He shouts, “It’s not, and it NEVER WAS!”
“There are millions of leaves,” he mutters.
He replaces his cap and returns to the tree.
Three blocks down I follow a trail of dried blood for half a block to a brick wall where the trail ends or begins. There’s about a 8 foot overhang here where homeless sometimes shelter from the sun or rain. The space is empty today.
Outside the door to the office, two girls stand at the parking meter, one fishing for coins and narrating in rough language while the other is texting and nodding like she’s taking dictation. “I told that girl, bitch, I said, bitch, don’t tell me that *you* *don’t* *know* what I mean, you going to fucking die, bitch. Haha, she don’t fucking believe me.”
Inside the office, there’s a human-sized wooden crate open and standing on end, with the name “Natalie” taped to the front. I don’t think that Natalie knows the girl outside, but I head upstairs just to make sure.
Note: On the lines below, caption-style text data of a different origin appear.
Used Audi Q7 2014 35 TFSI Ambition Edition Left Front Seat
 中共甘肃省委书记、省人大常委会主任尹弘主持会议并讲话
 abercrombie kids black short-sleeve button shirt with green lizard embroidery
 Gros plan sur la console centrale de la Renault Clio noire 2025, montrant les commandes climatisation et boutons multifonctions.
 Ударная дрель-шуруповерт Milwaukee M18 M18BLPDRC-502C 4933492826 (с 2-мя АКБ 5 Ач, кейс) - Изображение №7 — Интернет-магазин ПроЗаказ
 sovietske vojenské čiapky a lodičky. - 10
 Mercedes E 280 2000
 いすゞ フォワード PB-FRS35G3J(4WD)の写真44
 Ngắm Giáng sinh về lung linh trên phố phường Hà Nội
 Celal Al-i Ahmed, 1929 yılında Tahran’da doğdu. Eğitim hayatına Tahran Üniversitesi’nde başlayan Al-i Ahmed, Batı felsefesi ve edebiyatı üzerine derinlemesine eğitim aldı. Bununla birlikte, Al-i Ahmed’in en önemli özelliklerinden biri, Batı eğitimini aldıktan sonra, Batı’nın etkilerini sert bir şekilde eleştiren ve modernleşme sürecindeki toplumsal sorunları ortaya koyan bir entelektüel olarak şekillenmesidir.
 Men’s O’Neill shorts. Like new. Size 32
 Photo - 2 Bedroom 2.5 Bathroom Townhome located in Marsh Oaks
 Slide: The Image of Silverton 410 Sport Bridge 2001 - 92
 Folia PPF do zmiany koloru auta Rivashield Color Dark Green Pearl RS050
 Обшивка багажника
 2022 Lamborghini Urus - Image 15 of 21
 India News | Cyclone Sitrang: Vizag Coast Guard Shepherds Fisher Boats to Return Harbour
An alternate explanation is that Natalie, a prodigious and often brilliant worker, simply wore out and was sent to the factory for maintenance and upgrades.
Above, I intentionally did not describe the physical appearance of the two girls at the parking meter, but will say that neither was African-American.
There’s a good exercise here for me to review these minimalist scenes and figure out descriptive bits that would help readers visualize them better. Then I wouldn’t need notes like “BTW, they weren’t African American girls, just in case that’s where your biases led you, and if they did, well shame on you.”